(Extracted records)
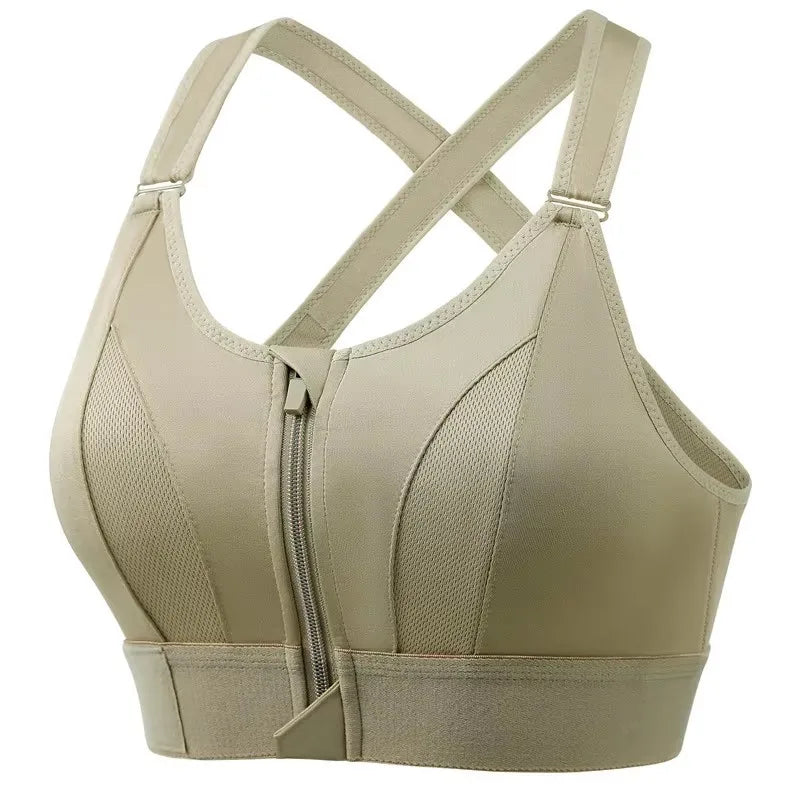 Aurelia Sun Front Zip Adjustable Sports Bra – White – image 12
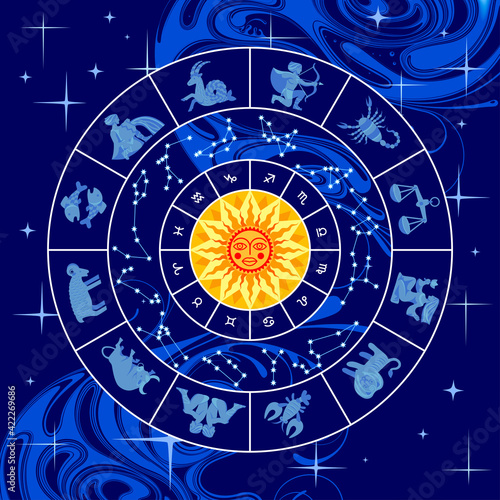 Circle with zodiac signs, constellations, yellow sun and abstract blue background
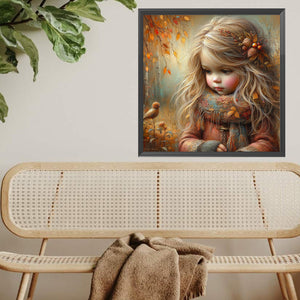 Little Girl With Falling Autumn Leaves 40*40CM(Picture) Full Square Drill Diamond Painting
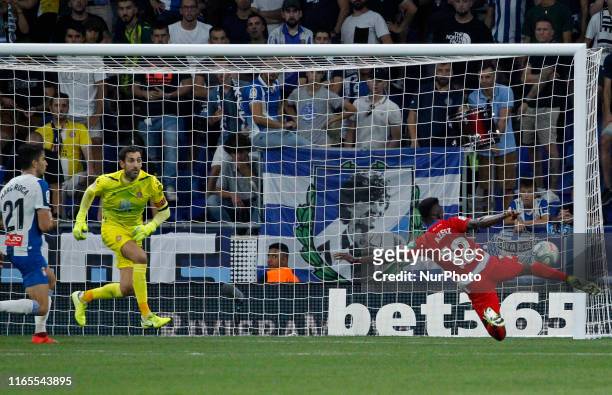 Azeez scores during the match between RCD Espanyol and Granada CF, corresponding to the week 3 of the Liga Santander, played at the RCDE Stadium, on...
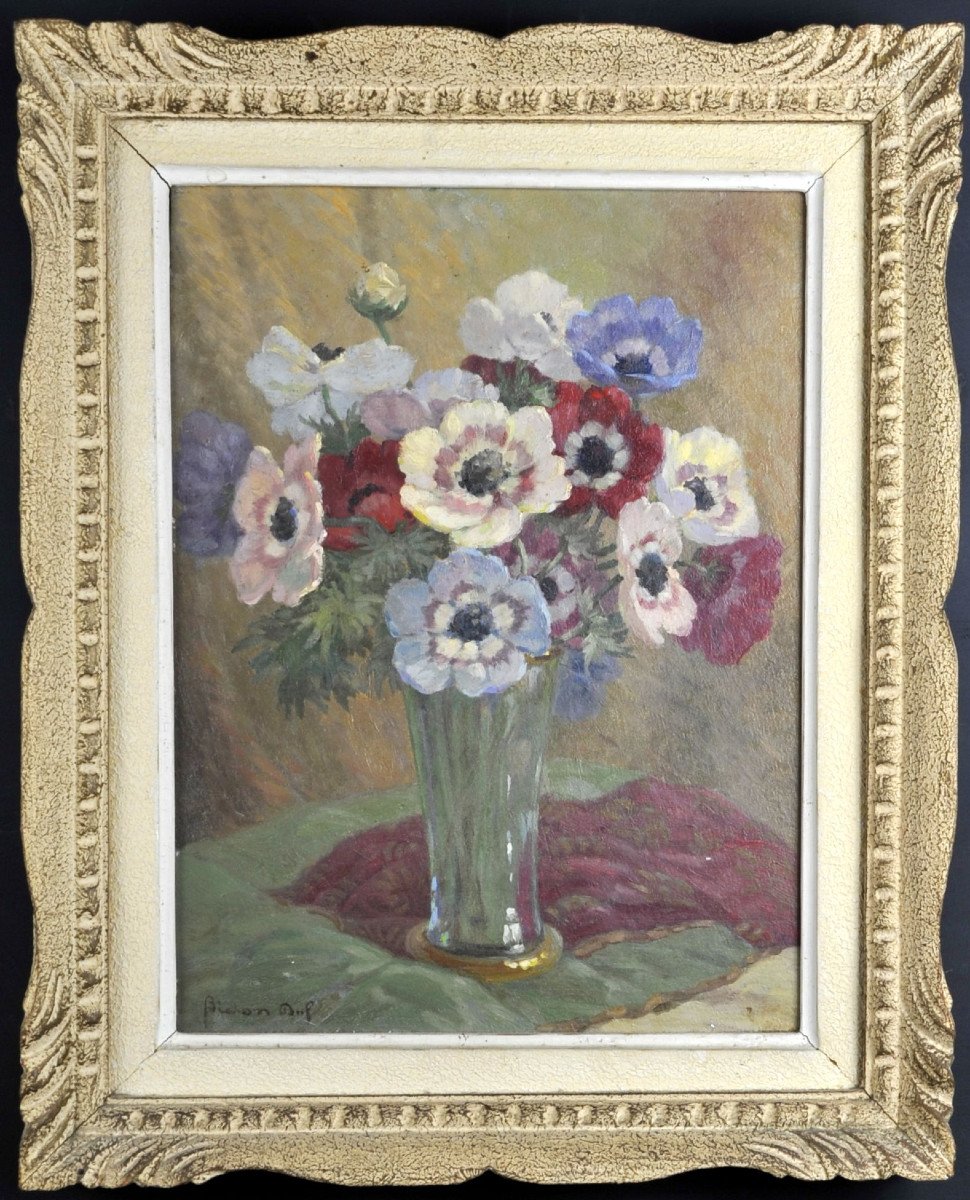 Daniel Bidon - Huile Sur Panneau - Le Vase De Fleurs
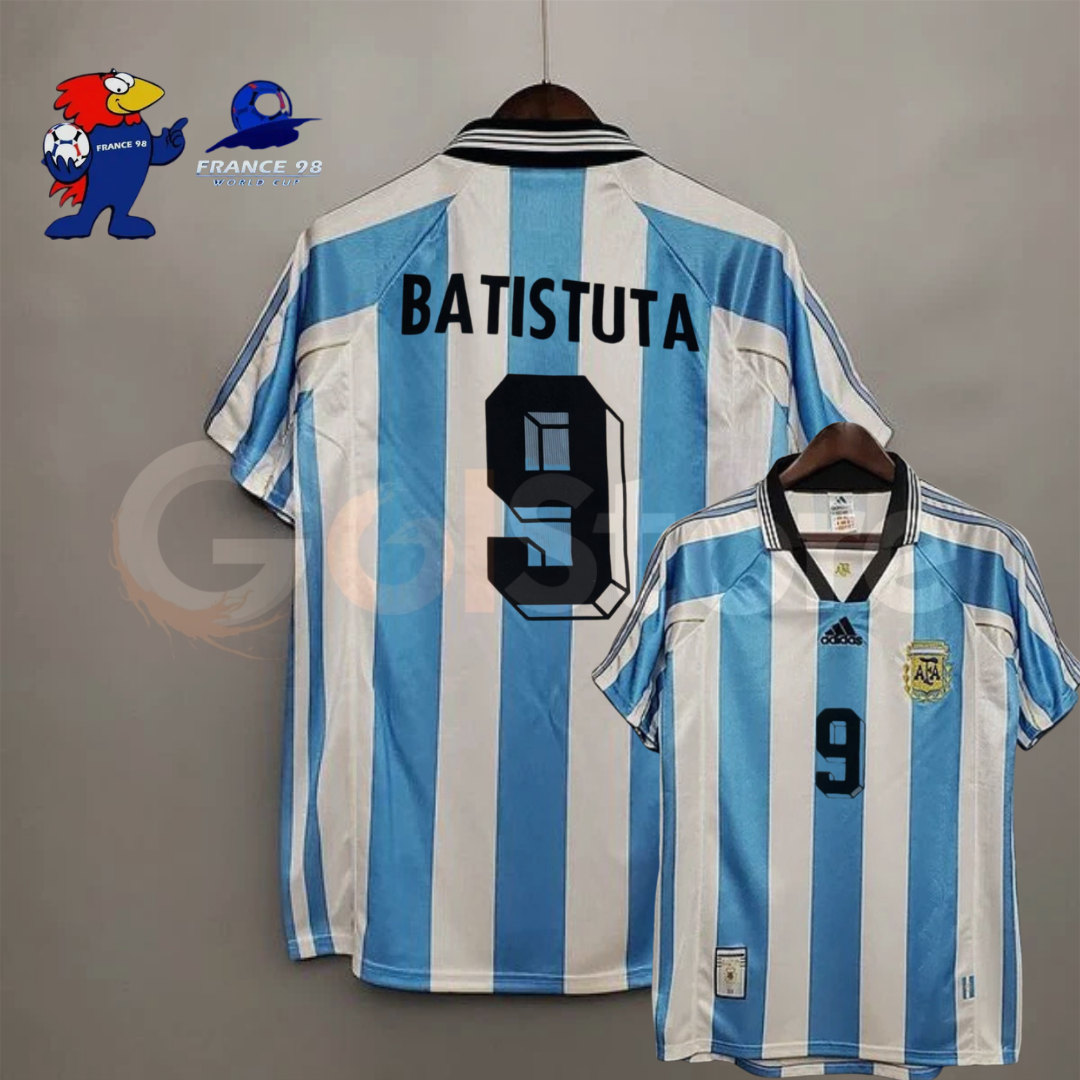 Argentina 1998 World Cup Home Retro Short Sleeve Jersey #9 Batistuta Personalized S-2XL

__Work instruction__:
Skip the images and restate each record above word for word.

__Answer area__:
 Aurelia Sun Front Zip Adjustable Sports Bra – White – image 12
 Circle with zodiac signs, constellations, yellow sun and abstract blue background
 Little Girl With Falling Autumn Leaves 40*40CM(Picture) Full Square Drill Diamond Painting
 Azeez scores during the match between RCD Espanyol and Granada CF, corresponding to the week 3 of the Liga Santander, played at the RCDE Stadium, on...
 Daniel Bidon - Huile Sur Panneau - Le Vase De Fleurs
 Argentina 1998 World Cup Home Retro Short Sleeve Jersey #9 Batistuta Personalized S-2XL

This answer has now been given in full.